Data excerpts:
----------------

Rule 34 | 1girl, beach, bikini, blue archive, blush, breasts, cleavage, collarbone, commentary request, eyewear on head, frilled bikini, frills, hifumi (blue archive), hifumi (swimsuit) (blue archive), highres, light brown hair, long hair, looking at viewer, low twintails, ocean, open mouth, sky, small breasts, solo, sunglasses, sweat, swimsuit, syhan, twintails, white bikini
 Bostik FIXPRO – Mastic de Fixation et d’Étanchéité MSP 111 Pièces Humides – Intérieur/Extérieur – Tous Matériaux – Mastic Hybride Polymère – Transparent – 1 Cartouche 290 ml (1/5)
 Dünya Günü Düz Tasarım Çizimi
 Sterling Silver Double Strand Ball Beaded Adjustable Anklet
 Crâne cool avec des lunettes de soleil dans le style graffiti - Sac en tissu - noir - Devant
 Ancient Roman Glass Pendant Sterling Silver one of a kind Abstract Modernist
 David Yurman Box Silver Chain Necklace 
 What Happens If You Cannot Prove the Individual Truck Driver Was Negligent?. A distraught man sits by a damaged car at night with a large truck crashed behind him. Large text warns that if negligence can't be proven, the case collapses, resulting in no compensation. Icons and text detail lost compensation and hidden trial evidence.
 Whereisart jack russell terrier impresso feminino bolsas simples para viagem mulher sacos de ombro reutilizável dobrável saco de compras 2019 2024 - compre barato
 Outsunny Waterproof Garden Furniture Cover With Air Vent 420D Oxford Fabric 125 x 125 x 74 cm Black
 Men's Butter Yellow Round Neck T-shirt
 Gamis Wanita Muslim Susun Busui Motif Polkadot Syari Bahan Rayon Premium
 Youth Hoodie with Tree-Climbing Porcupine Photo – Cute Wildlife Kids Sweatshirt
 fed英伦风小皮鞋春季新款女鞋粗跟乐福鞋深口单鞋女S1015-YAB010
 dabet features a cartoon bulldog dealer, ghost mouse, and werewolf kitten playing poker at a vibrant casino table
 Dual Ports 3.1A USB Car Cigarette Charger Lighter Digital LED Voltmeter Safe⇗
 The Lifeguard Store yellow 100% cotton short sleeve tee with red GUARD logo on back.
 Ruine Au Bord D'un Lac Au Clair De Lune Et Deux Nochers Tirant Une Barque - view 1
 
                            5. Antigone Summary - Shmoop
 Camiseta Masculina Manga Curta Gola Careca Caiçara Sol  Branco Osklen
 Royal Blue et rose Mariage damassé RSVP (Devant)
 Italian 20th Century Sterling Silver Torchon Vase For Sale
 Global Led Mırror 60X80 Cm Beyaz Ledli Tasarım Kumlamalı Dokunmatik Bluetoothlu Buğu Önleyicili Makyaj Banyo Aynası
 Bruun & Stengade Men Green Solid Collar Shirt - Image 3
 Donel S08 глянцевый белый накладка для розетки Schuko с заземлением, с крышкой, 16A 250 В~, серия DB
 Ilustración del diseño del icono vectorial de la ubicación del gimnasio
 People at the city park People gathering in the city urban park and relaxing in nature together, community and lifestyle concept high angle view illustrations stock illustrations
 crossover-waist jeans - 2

----------------

**About this exercise**.
Could you reproduce, exactly as written, the lines running from the one with "People at the" to the end of the entries above?

**Task result**.
 People at the city park People gathering in the city urban park and relaxing in nature together, community and lifestyle concept high angle view illustrations stock illustrations
 crossover-waist jeans - 2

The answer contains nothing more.